## Directions for this task
Without any images, output the records below verbatim.

[Source records]
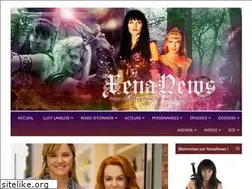Sites similar to xenanews.be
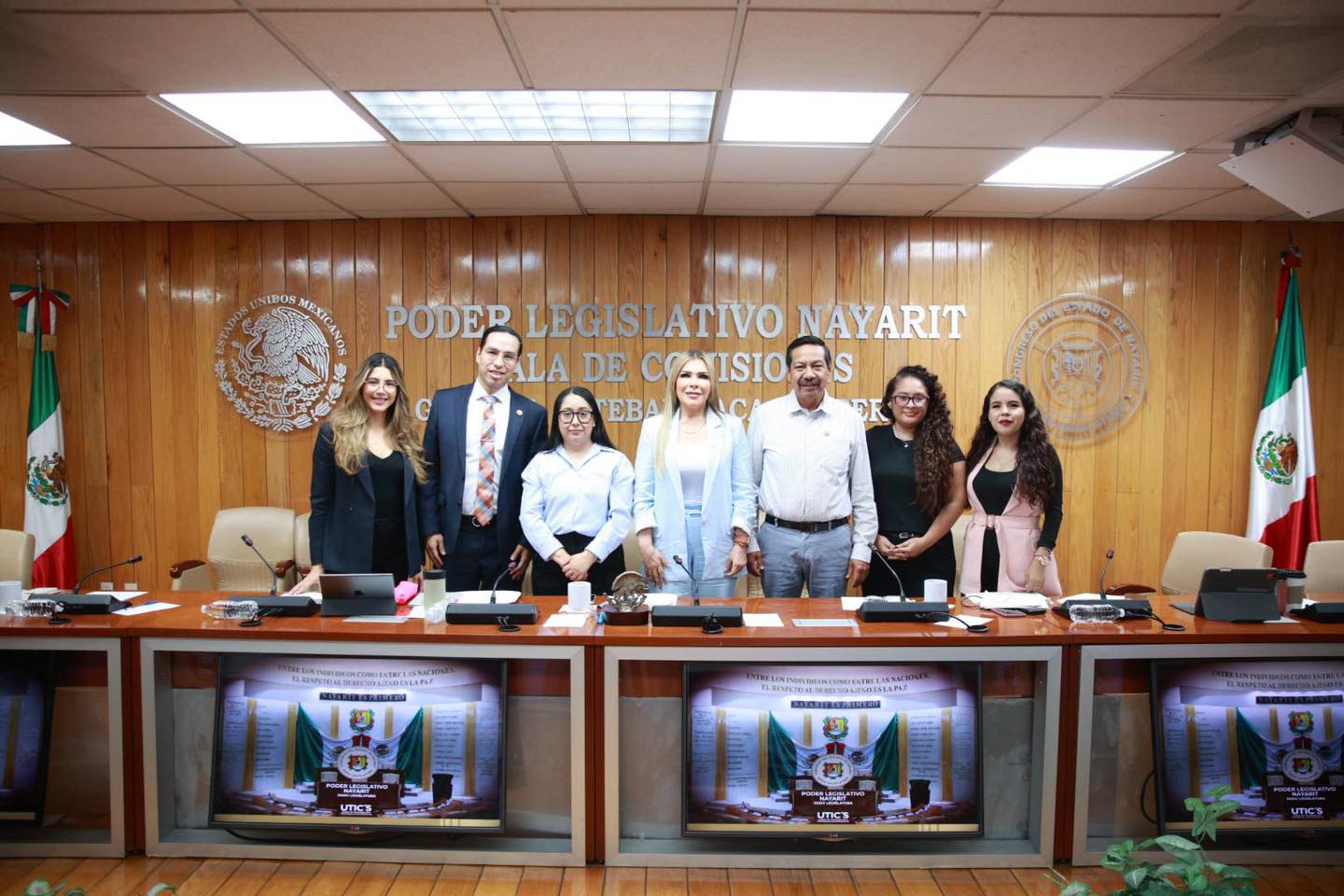 Avanza evaluación de trabajos inscritos al Premio Estatal de Periodismo Nayarit 2026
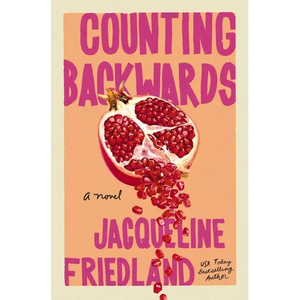 Counting Backwards - Hardcover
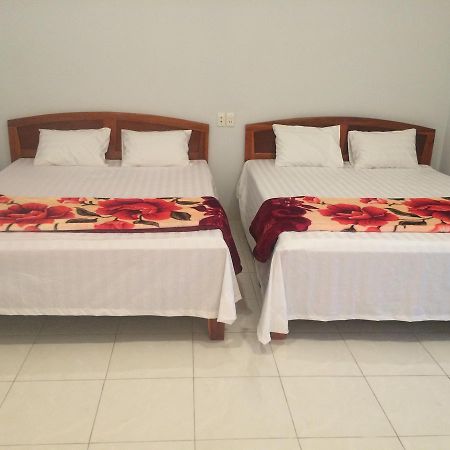 Y Bon Hotel Phan Thiết Eksteriør billede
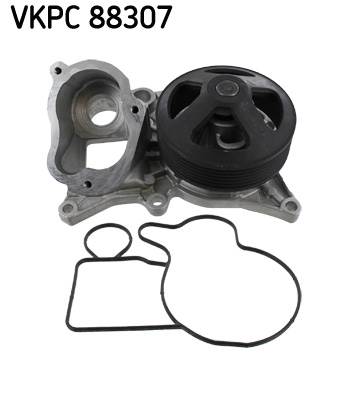 SKF VKPC 88307 - vízpumpa BMW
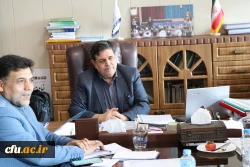 وظیفه اصلی دانشگاه توجه به برنامه های تربیتی و فرهنگی است 4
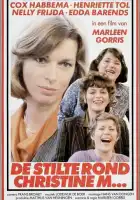 смотреть онлайн Тишина вокруг Кристине М. (1981) бесплатно в HD 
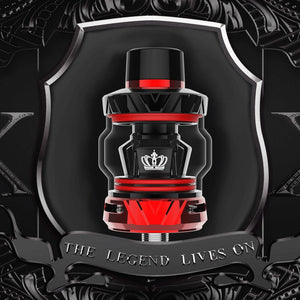 Uwell Crown 5 Tank (RED)
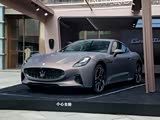 GranTurismo 新能源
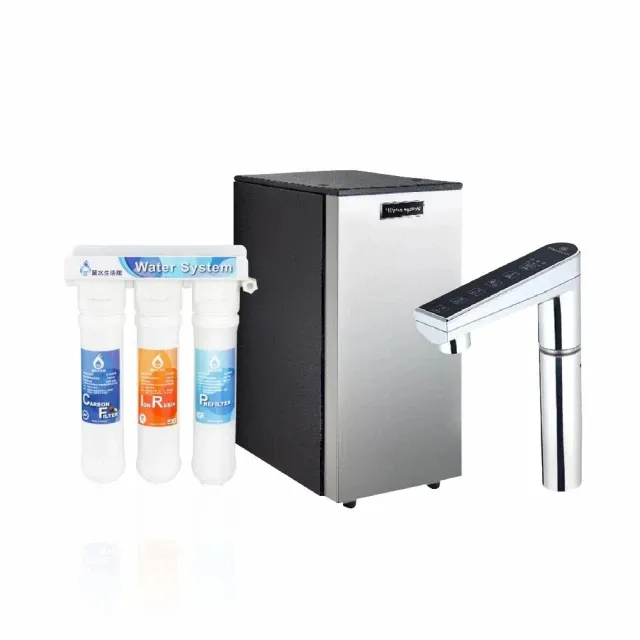 K800H雙溫冷熱觸控式皆煮沸廚下型飲水機+贈公規RO 5道逆滲透 歷史價格詳細信息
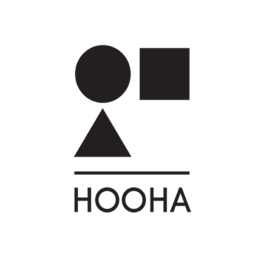 Hooha logo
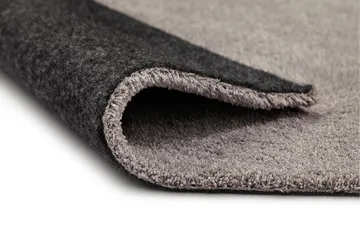 Feel Ryamatta 200x290 - Silver - Products - Textil & mattor - Matta - Modern matta - Ryamatta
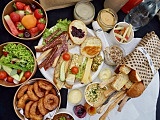 Zrób sobie piknik w Hali Stulecia!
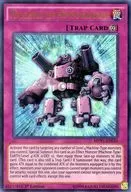 MVP1-EN030 [Ultra Rare] : Metalhold the Moving Blockade / Mobile Fortress Metal Hold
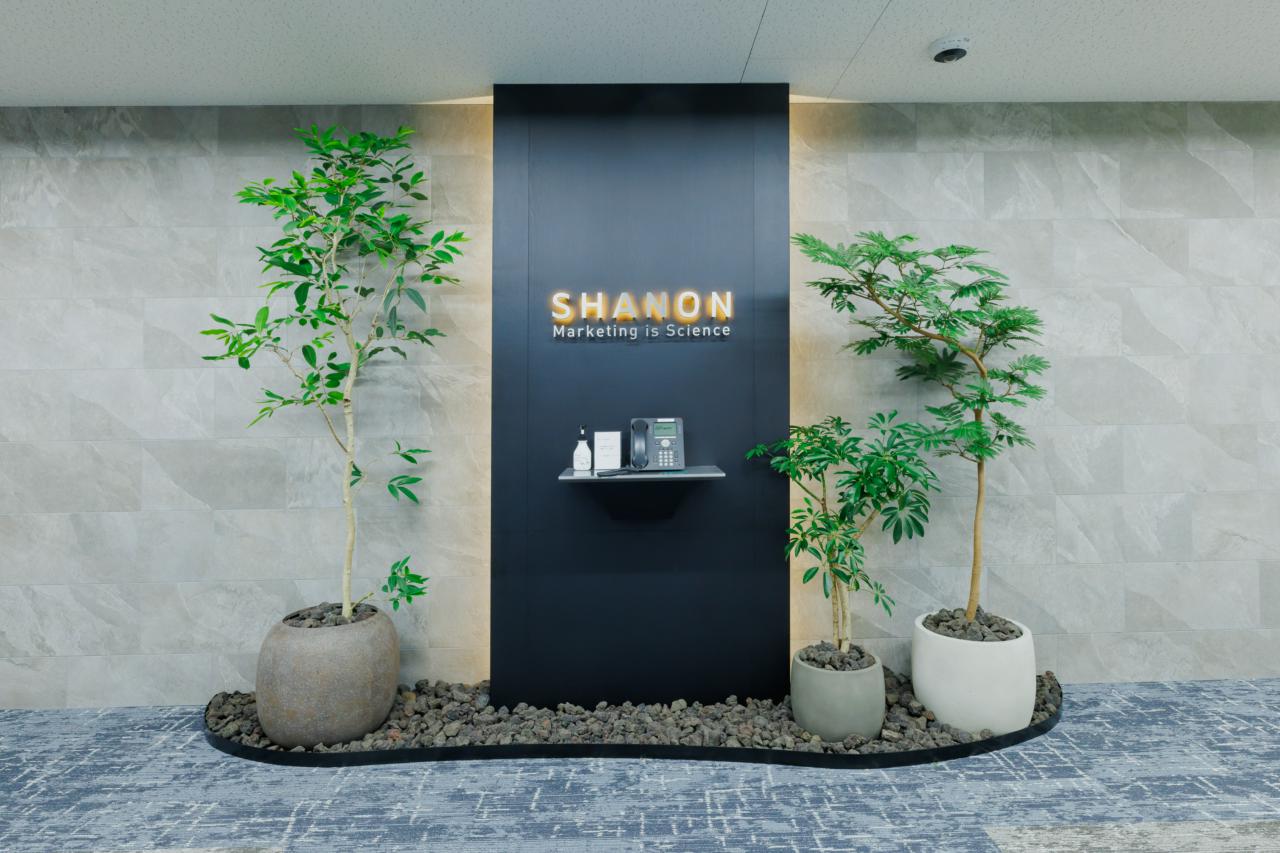 株式会社シャノン 求人画像1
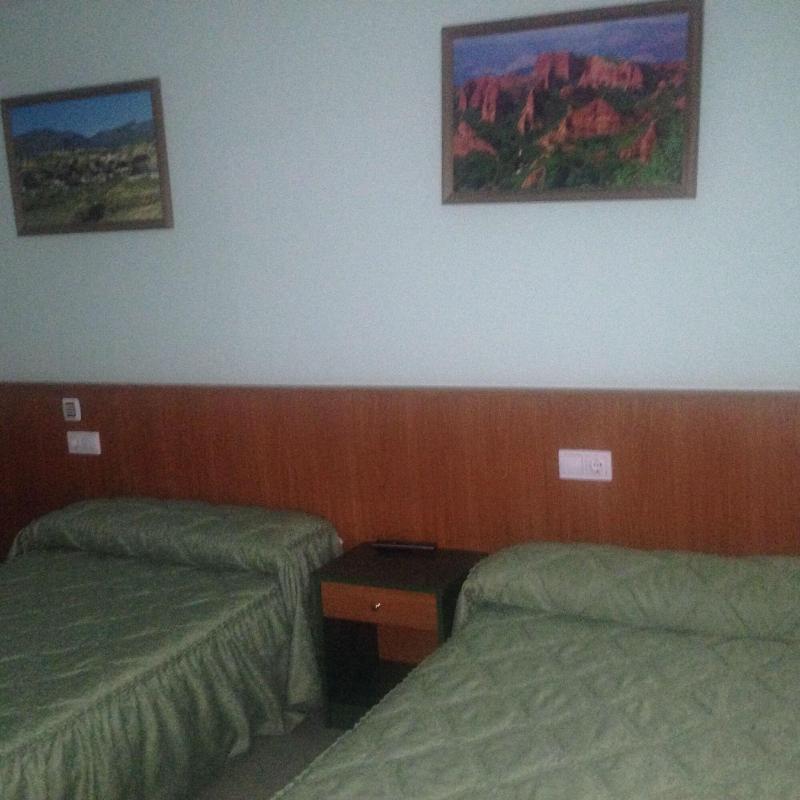 Imagen de alojamiento Hotel Medulio Imagen de alojamiento Hotel Medulio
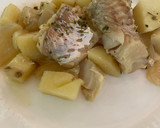 Foto del paso 3 de la receta: Merluza Fácil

## Response to this task
Sites similar to xenanews.be
 Avanza evaluación de trabajos inscritos al Premio Estatal de Periodismo Nayarit 2026
 Counting Backwards - Hardcover
 Y Bon Hotel Phan Thiết Eksteriør billede
 SKF VKPC 88307 - vízpumpa BMW
 وظیفه اصلی دانشگاه توجه به برنامه های تربیتی و فرهنگی است 4
 смотреть онлайн Тишина вокруг Кристине М. (1981) бесплатно в HD 
 Uwell Crown 5 Tank (RED)
 GranTurismo 新能源
 K800H雙溫冷熱觸控式皆煮沸廚下型飲水機+贈公規RO 5道逆滲透 歷史價格詳細信息
 Hooha logo
 Feel Ryamatta 200x290 - Silver - Products - Textil & mattor - Matta - Modern matta - Ryamatta
 Zrób sobie piknik w Hali Stulecia!
 MVP1-EN030 [Ultra Rare] : Metalhold the Moving Blockade / Mobile Fortress Metal Hold
 株式会社シャノン 求人画像1
 Imagen de alojamiento Hotel Medulio Imagen de alojamiento Hotel Medulio
 Foto del paso 3 de la receta: Merluza Fácil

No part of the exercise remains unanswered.